• [Your instructions] Only text is carried over. Reproduce the entries below exactly.
(Exercise inputs)
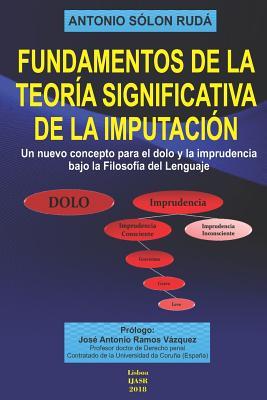 Fundamentos de la Teoría Significativa de la Imputación: Un nuevo concepto para el dolo y la imprudencia bajo la filosofía del lenguaje (Spanish Edition)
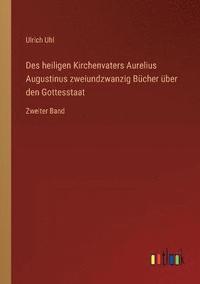 bokomslag Des heiligen Kirchenvaters Aurelius Augustinus zweiundzwanzig Bucher uber den Gottesstaat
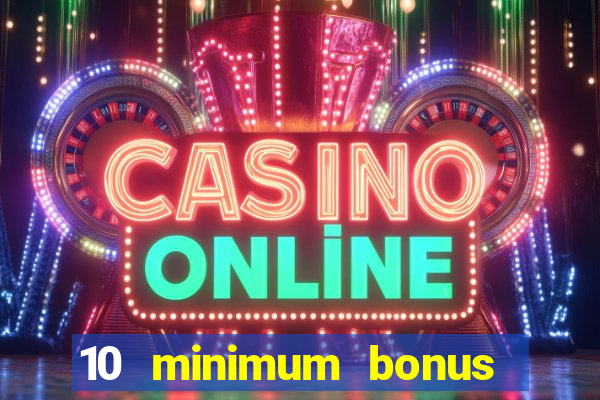 10 minimum bonus code casino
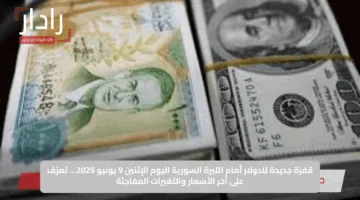 قفزة جديدة للدولار أمام الليرة السورية اليوم الإثنين 9 يونيو 2025… تعرّف على آخر الأسعار والتغيرات المفاجئة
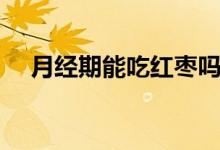 月经期能吃红枣吗(月经期能吃红枣吗)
(End Exercise inputs)
• [Response to the task]
 Fundamentos de la Teoría Significativa de la Imputación: Un nuevo concepto para el dolo y la imprudencia bajo la filosofía del lenguaje (Spanish Edition)
 bokomslag Des heiligen Kirchenvaters Aurelius Augustinus zweiundzwanzig Bucher uber den Gottesstaat
 10 minimum bonus code casino
 قفزة جديدة للدولار أمام الليرة السورية اليوم الإثنين 9 يونيو 2025… تعرّف على آخر الأسعار والتغيرات المفاجئة
 月经期能吃红枣吗(月经期能吃红枣吗)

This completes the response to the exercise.